The Legislature also approved a bill that would allow voters to approve a constitutional amendment raising the minimum wage in a referendum that would be held at the same time as the next gubernatorial election. Polling shows strong public support for raising the minimum wage.
But amending the constitution is too cumbersome a process. If the state wanted to change the minimum wage during an economic crisis, there might not be enough time to make that change. And strapping the minimum-wage onto the state constitution could rob the government of flexibility it might need to make related fiscal decisions that impact what employers must pay workers.
New Jersey's unemployment rate - 9.6 percent in December, according to the Bureau of Labor Statistics - has stubbornly remained higher than the national rate, which was 7.8 percent. While some in the business community have argued that raising the minimum wage increases unemployment, that myth has been exposed as false time and again by economists.
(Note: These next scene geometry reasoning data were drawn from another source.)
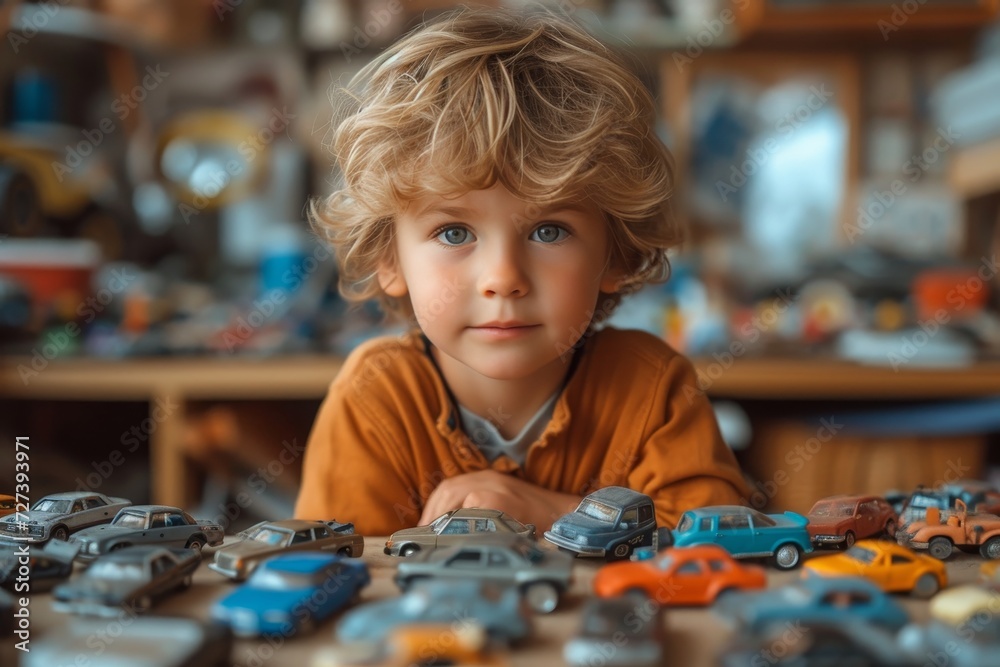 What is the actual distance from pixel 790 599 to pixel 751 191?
7.59 feet

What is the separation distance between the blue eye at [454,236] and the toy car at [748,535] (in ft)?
1.21

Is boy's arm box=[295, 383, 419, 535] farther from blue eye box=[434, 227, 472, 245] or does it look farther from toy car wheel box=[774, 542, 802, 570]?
toy car wheel box=[774, 542, 802, 570]

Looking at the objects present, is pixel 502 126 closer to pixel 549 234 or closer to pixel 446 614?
pixel 549 234

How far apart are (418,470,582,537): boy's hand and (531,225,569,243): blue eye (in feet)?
0.89

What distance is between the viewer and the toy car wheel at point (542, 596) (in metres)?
0.64

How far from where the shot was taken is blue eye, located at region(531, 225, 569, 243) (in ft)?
3.15

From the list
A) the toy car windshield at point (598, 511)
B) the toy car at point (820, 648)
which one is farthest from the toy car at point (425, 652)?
the toy car windshield at point (598, 511)

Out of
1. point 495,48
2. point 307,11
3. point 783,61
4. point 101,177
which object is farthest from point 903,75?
point 101,177

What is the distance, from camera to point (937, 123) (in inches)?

Unemployment has actually gone down in eight states where the minimum wage exceeds the federal minimum and is tied to the cost of living. Those states include Oregon, Washington, and Arizona, where the cost of living is lower than it is in New Jersey.
The governor also should know that raising the minimum wage puts more money into the economy as low-income workers spend their paychecks on necessities.
Christie has been a strong advocate of helping New Jerseyans who needed help after Superstorm Sandy, so he should understand how granting a tiny raise to the working poor could greatly improve their quality of life. The wage hike deserves his signature.